Where were the Sinhalas? by Tissa Devendra

Denis Fernando’s articles on “Portuguese Encounter…” [Island 11 & 12 Feb] are intriguing and raise quite a few questions of demographic and linguistic relevance.

[1] “Parakramabahu VI recruited mercenary forces comprising the Kaurava Suriyawansa clan of warriors with nine generals, 7,740 soldiers, supporting staff of native physicians, surgeons, barbers, washers, carpenters, smiths, tom-tom beaters and kapuralas who arrived in ships and boats”.

The questions that concern me are: (i) From which area of South India did this IPKF of yore come? (ii) In which army did these generals and warriors gain their martial skills? (iii) By what name was this clan called in its birthplace? (iv) What was their mother-tongue? (v) Is there any written record in their ‘traditional homeland’ of the departure of this large army and camp-followers?

[2] “[these] troops were settled in Yapapatuna and Mannar while others were settled along the Western seaboard South of Puttalam along the Aluthkurukorale which was named after them (Kuru… referring to the Kaurava warriors). These new settlers also functioned as warriors, coastguards and chiefs southwards of Kotte up to Dondra”.
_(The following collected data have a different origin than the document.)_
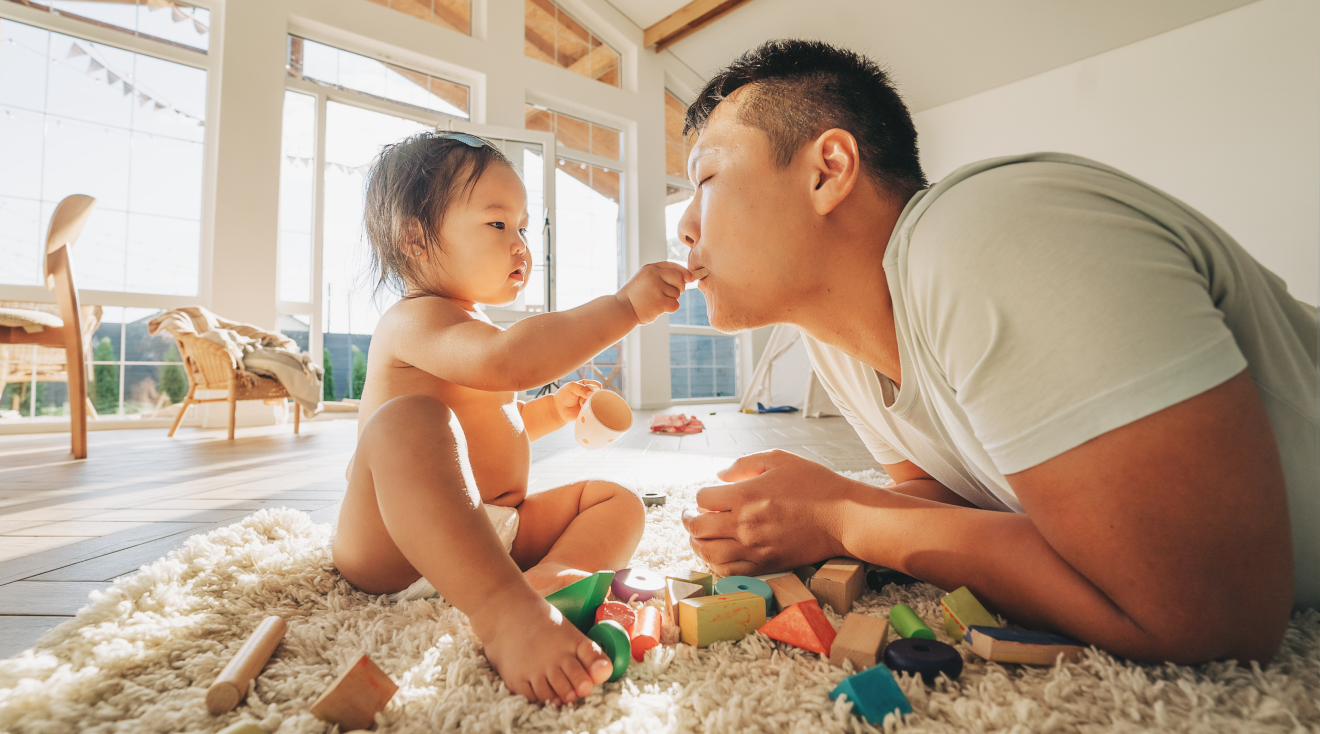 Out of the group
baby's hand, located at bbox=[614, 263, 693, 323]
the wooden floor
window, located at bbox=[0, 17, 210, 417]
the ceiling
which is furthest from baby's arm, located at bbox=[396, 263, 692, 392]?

My questions are: (i) Were the areas settled by these doughty warriors so devoid of Sinhala people that they had plenty of ‘lebensraum’ to settle there without problems? (ii) Were the indigenous Sinhala so devoid of warriors, coastguards and chiefs that these newcomers had, perforce, to fill such positions? (iii) Were these newcomers such linguistic geniuses that in the short reign of one king (Parakramabahu VI who hired them from India) these ‘warriors’, barbers, carpenters, etc. unlearnt their native language (leaving no linguistic footprints among their descendants) and re-invented themselves as Sinhala?

If one accepts the historical accuracy of Denis Fernando’s thesis it does seem that Western Sri Lanka had been a depopulated region devoid of indigenous Sinhalas leaving it free to these doughty mercenaries to colonise. Were there no Sinhalas here? I look forward to this scholar’s responses to the problems raised above.